Zapf, facing a tough election challenge from former federal prosecutor Sarah Boot, never points out in the story that she's standing in another council member’s district. But, who else could provide such scintillating observations as "The city has limited funds…. Every time something like this happens we have to spend money fixing it" and "somebody could get injured or hurt"?
The next day, there was Zapf, standing alongside Faulconer, presenting local skateboarding icon and philanthropist Tony Hawk with his own day and a proclamation to commemorate it with young skateboarders and the Ocean Beach Skate Park at Robb Field as a backdrop. Again, in District 2.
Harris issued a terse statement the day after that gathering: "I didn't know about Lorie's event yesterday in my district at the Ocean Beach Skate Park. Her office didn't tell us it was happening, and I wasn't invited."
When social-media queries surfaced questioning Zapf's appearance with the mayor in District 2, Zapf's chief of staff, Job Nelson, took to Twitter to note that the OB skate park is located conveniently close to City Hall and that Hawk had helped finance it.
"[C]lose[est] skate park to downtown for Mayor and LZ that TH helped put money in," Nelson tweeted.
The only problem with that? The city-run OB Skate Park opened in 2000, two years before Hawk established the Tony Hawk Foundation that provides grants for skate parks in low-income communities.

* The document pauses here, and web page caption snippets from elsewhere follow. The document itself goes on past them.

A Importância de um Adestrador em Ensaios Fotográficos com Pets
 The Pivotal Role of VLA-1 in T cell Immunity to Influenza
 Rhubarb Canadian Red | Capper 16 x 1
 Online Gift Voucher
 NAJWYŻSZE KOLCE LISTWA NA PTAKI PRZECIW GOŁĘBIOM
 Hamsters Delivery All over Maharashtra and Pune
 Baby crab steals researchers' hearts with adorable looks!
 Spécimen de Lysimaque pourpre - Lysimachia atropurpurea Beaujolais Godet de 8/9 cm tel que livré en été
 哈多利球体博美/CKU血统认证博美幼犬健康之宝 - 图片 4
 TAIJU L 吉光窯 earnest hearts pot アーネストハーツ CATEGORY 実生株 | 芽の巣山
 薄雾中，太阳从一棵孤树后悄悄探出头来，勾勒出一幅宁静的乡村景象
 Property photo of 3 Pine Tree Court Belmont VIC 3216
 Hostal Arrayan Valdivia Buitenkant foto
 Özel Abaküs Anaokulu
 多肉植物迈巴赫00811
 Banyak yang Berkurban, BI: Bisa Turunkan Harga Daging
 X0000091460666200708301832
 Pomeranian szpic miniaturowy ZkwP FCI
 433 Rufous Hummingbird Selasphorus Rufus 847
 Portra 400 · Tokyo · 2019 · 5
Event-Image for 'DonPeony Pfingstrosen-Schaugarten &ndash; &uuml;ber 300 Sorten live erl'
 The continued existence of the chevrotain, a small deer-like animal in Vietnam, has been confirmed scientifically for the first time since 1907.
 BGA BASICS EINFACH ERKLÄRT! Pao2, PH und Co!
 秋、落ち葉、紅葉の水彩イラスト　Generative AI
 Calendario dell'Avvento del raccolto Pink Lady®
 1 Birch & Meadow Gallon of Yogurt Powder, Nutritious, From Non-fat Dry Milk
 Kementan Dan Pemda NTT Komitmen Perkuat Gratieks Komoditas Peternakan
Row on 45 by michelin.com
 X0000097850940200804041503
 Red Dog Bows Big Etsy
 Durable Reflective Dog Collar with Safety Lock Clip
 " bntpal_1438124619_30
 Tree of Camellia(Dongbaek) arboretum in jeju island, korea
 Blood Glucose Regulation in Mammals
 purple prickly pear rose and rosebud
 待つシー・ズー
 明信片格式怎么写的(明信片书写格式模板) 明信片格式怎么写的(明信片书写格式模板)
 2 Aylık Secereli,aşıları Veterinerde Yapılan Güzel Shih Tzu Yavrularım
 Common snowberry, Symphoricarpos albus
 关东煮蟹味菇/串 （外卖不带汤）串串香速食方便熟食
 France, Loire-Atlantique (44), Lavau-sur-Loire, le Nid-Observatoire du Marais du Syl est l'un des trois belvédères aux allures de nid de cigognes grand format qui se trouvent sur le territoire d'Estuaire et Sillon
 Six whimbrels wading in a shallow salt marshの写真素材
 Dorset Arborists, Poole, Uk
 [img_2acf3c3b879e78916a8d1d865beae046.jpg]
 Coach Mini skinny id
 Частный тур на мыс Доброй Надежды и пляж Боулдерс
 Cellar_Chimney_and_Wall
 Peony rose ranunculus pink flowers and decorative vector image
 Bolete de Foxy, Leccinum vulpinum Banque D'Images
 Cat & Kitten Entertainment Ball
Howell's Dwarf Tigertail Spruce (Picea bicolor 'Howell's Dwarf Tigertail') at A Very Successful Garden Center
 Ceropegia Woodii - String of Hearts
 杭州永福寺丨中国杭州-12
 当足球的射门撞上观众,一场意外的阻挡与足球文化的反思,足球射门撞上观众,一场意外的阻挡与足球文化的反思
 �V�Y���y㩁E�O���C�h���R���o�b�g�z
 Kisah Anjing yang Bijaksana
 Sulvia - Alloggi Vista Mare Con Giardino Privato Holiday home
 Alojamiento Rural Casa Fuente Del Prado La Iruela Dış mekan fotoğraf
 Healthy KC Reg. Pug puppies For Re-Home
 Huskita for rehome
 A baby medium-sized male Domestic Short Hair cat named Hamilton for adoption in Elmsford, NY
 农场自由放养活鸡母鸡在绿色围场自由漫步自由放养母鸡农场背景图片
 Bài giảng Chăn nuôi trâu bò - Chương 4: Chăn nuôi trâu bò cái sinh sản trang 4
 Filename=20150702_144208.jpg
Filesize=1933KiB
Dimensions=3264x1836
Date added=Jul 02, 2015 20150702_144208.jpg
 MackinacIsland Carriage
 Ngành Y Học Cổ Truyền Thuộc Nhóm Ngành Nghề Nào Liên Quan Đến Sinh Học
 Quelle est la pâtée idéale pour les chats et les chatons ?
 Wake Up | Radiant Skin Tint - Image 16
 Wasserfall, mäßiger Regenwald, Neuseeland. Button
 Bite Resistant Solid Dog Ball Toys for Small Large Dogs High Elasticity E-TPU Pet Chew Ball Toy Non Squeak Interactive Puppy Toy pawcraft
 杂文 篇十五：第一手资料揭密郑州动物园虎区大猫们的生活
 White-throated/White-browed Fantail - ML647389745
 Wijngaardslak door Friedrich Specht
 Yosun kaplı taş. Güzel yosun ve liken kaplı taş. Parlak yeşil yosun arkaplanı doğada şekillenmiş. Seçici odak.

"Tony or [Tony Hawk Foundation] did not contribute to the Robb Field Skatepark," Miki Vuckovich, executive director of the Vista-based foundation, confirmed to CityBeat by email. "It predates the establishment of our organization. Just shows how ahead of the curve San Diego was!"
Byron Wear, a Zapf supporter who was the District 2 council member when the skate park was built and opened, recalled that the park—poised on the fringe of Mission Bay Park on former marshland—benefited from its location by qualifying for hotel-tax funding.
"It was all paid for—$1.5 million, I seem to remember—with [hotel-tax] money," Wear said. "The hotel owners weren’t happy, but it's a great addition to Robb Field."
When told what Nelson had tweeted, Wear paused, then hedged, "Well, Tony may not have contributed financially, but he certainly provided promotional value."
The foundation is providing $40,000 each for two planned skate parks in Linda Vista and City Heights, but those communities fall within the council districts of Scott Sherman (District 7) and Marti Emerald (District 9), respectively. Neither took part in the OB event proclaiming "Tony Hawk Day." (Note to Sherman: Hawk, now an Encinitas resident, grew up in D7's Tierrasanta.)
The OB event itself had its awkward moments: Faulconer, claiming a skateboarding youth of his own and invoking "dude" once too often; Zapf telling attendees that her knowledge of Hawk and his skateboarding prowess trumped most because she'd helped one of her daughters write a school report about him; Hawk pronouncing Zapf's name "Zoff" (it's pronounced like "staff"); and Hawk, arms outstretched, thanking "the progressives" on the City Council for the honor.
The foundation executive director would later say it was the first time Hawk had met Zapf. As for the "progressives" remark, Vuckovich quipped, “We're still not used to politicians embracing skateparks. So, they’re progressives to us! For sure."
"There’s no politics at the skatepark," he added. "Just skateboarding."